Seitdem sich der Terrorverdächtige Jaber Albakr vergangene Woche in der Justizvollzugsanstalt in Leipzig das Leben nahm, sitzt vor der Zelle seines mutmaßlichen Komplizen Khalil A. rund um die Uhr eine Wache. In den kommenden Tagen soll der 33-Jährige einem Haftrichter des Bundesgerichtshofs zugeführt werden - danach soll er nach Angaben der Bundesanwaltschaft zurück nach Sachsen gebracht werden.

Geht es nach einigen Politikern und Vertretern der Polizei, könnte es bald neue Vorschriften für den Umgang mit Verdächtigen wie Khalil A. und Jaber Albakr geben. Der Fall habe strukturelle Defizite im Strafvollzug aufgezeigt, sagte der CSU-Innenpolitiker Stephan Mayer. Das gelte nicht nur für Sachsen.

Aus Sicht des Vorsitzenden des Bundestags-Innenausschusses, Ansgar Heveling, zeige der Fall, "dass unsere strafprozessualen Vorschriften auf solche Fälle des islamistischen Terrorismus noch nicht richtig zugeschnitten sind". Die veralteten Verfahrensregeln könnten dazu beigetragen haben, dass sich Albakr das Leben nehmen konnte, sagte der CDU-Politiker dem RBB.

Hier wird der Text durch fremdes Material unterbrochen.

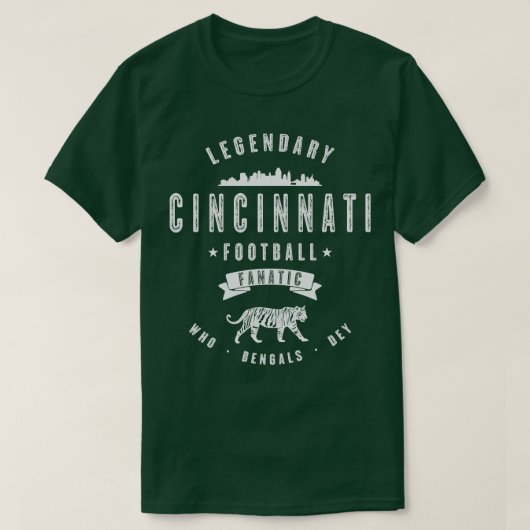 Cincinnati Fanatic witte tekst T-shirt (Design voorkant)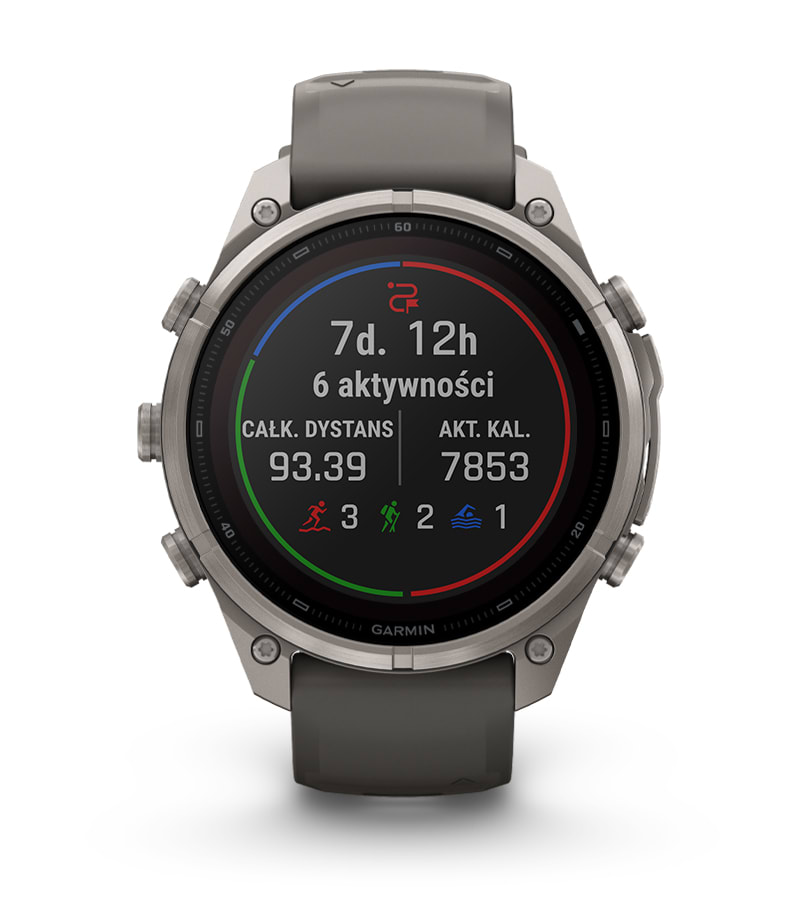 Fenix 9 Pro inReach Solar 47 mm Tytanowy z silikonowym paskiem w kolorze Pebble Gray z mapą PL TOPO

Welche Konsequenzen soll der Fall Albakr haben? Die Forderungen im Überblick:

Terrorverdächtige wie Albakr sollen nach Ansicht der Gewerkschaft der Strafvollzugsbediensteten in Niedersachsen künftig in einem zentralen Gefängnis untergebracht werden. Der innenpolitische Sprecher der SPD-Fraktion im Bundestag befürwortet die Idee. "Wir brauchen im Justizvollzug eine Bundeszuständigkeit für bestimmte Häftlingsgruppen wie Terrorverdächtige und islamistische Gefährder", sagte Burkhard Lischka.

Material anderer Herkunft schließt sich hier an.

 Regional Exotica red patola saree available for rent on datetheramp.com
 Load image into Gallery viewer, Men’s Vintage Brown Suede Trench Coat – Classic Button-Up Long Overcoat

Zugleich forderte Lischka bundesweit einheitliche Regeln im Vollzug: Die Lehre aus dem Fall Albakr müsse eine Korrektur der Föderalismusreform sein. Vor der Föderalismusreform II habe es einheitliche Regelungen für den Justizvollzug gegeben. Die Verantwortung für diese sei unnötigerweise an die Länder verschoben worden.
CSU-Innenexperte Mayer forderte, Terrorverdächtige künftig schneller nach Karlsruhe zu überstellen. Man müsse sich Gedanken machen, ob in solchen Fällen der Generalbundesanwalt frühzeitiger die Möglichkeit bekomme, diese Personen bei sich zu haben, sagte er im ARD-"Morgenmagazin".

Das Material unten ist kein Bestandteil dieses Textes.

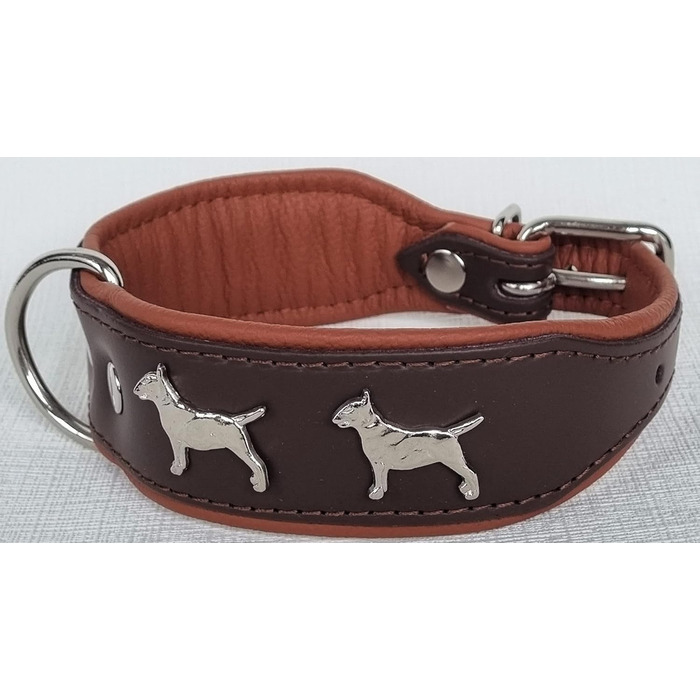 Нашийник для собак Bullterrier, шкіряний, коричневий/коньяк, розмір 33-41 см, ширина 45 мм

Rainer Wendt, Chef der Deutschen Polizeigewerkschaft, schlug die Einsetzung einer auf Terroristen spezialisierte Taskforce vor. Diese soll "in Fällen, die der Generalbundesanwalt übernimmt", eingreifen.

Vier unabhängige Experten sollen die Umstände bei der Fahndung nach Albakr und seinen späteren Suizid untersuchen und für die sächsische Regierung einen Bericht über den gesamten Fall erarbeiten. Nach Informationen der Nachrichtenagentur dpa soll die Kommission mit Externen besetzt werden, die über möglichst große Erfahrungen bei Ermittlungen im Zusammenhang mit internationalem Terror verfügen. Die einzelnen Mitglieder stünden noch nicht fest.

Dem Vorschlag der CSU, islamistische Gefährder in Präventivhaft zu nehmen, erteilte der Vorsitzende des Bundestags-Innenausschusses indes eine Absage. "Da gibt es zu Recht hohe verfassungsrechtliche Hürden - das ist die eine Seite. Die andere Seite ist, dass die Überwachung von Gefährdern bei den Sicherheitsbehörden enorm viel Personal bindet, auch schon jetzt", so Heveling. Die Frage sei, ob es Möglichkeiten gebe, im Falle einer akuten Gefahr verfassungsfest tätig zu werden.

Auch im Parlament wird der Fall Albakr ein Nachspiel haben. Der Innenausschuss des Bundestags befasst sich in seiner Sitzung am Mittwoch mit der missglückten Festnahme und dem Suizid. Tags zuvor sind die Ereignisse Thema einer gemeinsamen Sondersitzung des Innen- und Rechtsausschusses des sächsischen Landtages.